Samsung boosts Kenya’s forest cover with planting more trees at Karura Forest
By Our Reporter
Samsung Electronics East Africa in partnership with Friends of Karura Community Forest Association today completed the planting of over 10,000 trees in Karura forest in an effort to enhance the country’s forest cover to 10% by 2020. This comes at time when a report by the ministry of environment and natural resources revealed that the country’s forest cover had significantly increased to 7% last year and there was need for more efforts to enable the country achieve the recommended 10% cover.
Early this year the ministry of environment and natural resources imposed a blanket ban on logging, citing concerns about declining forestry coverage. The embargo is still in place in public and community forests and prohibits the logging and transportation of timber.

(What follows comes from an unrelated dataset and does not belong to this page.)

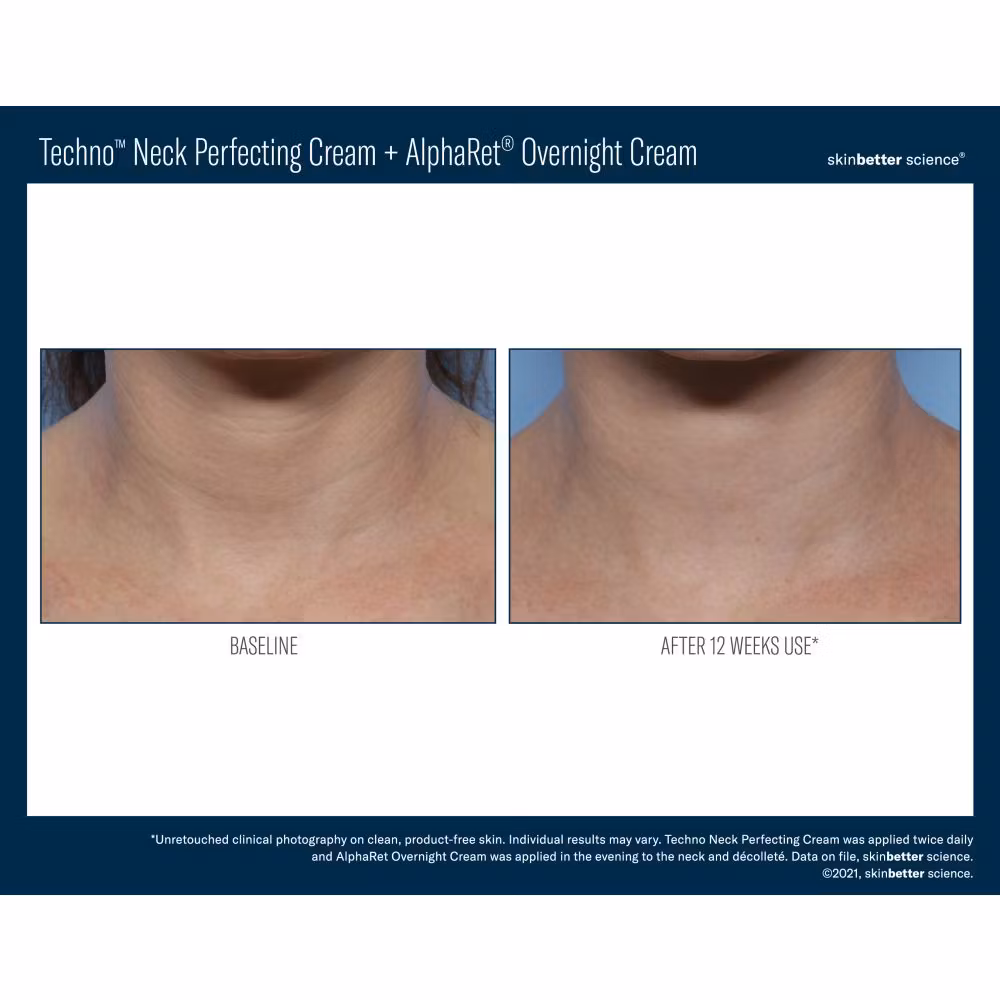 Techno Neck Perfecting Cream 50 ml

Samsung East Africa, Head of Marketing and Corporate Citizenship Patricia Kingori said environmental conversation was one of the organization’s corporate citizenship pillars and there was urgent need to address the effects of environmental degradation issues and challenges facing the country.

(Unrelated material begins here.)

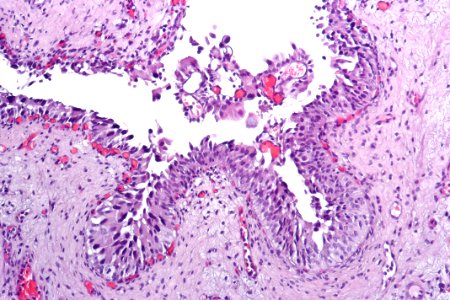 Urothelial carcinoma in situ (micropapillary), intermed mag.2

“We are glad to participate in this initiative that goes a long way in safeguarding our environment and natural resources as they are valuable national assets that must be sustainably managed for present and future generations”, Ms Kingori added. She said the trees planted will in the long run improve air quality by filtering harmful dust and pollutants that are occasioned by deforestation and other human activities around and within the forest adding that the trees will go a long way in improving the face of Karura forest.
In addition to environmental conversation, the exercise has created new job opportunities for communities around Karura forest, as they are involved in preparing the sites for planting by clearing non-indigenous bushes and invasive weeds, digging holes and watering seedlings.
The Friends of Karura Forest is a Community Forest Association comprising of Kenyans and other supporters of participatory forest management whose mission is to protect for future generations the city’s largest green area. The Karura Forest reserve has been lauded as one of the best places to visit in Nairobi and has also become a family recreation destination averaging 20,000 visitors per month.
The 1,041-hectare, located within the northern boundary of Nairobi city is home to over 200 bird species and numerous forest mammals, and is one of the largest urban gazetted forests in the world.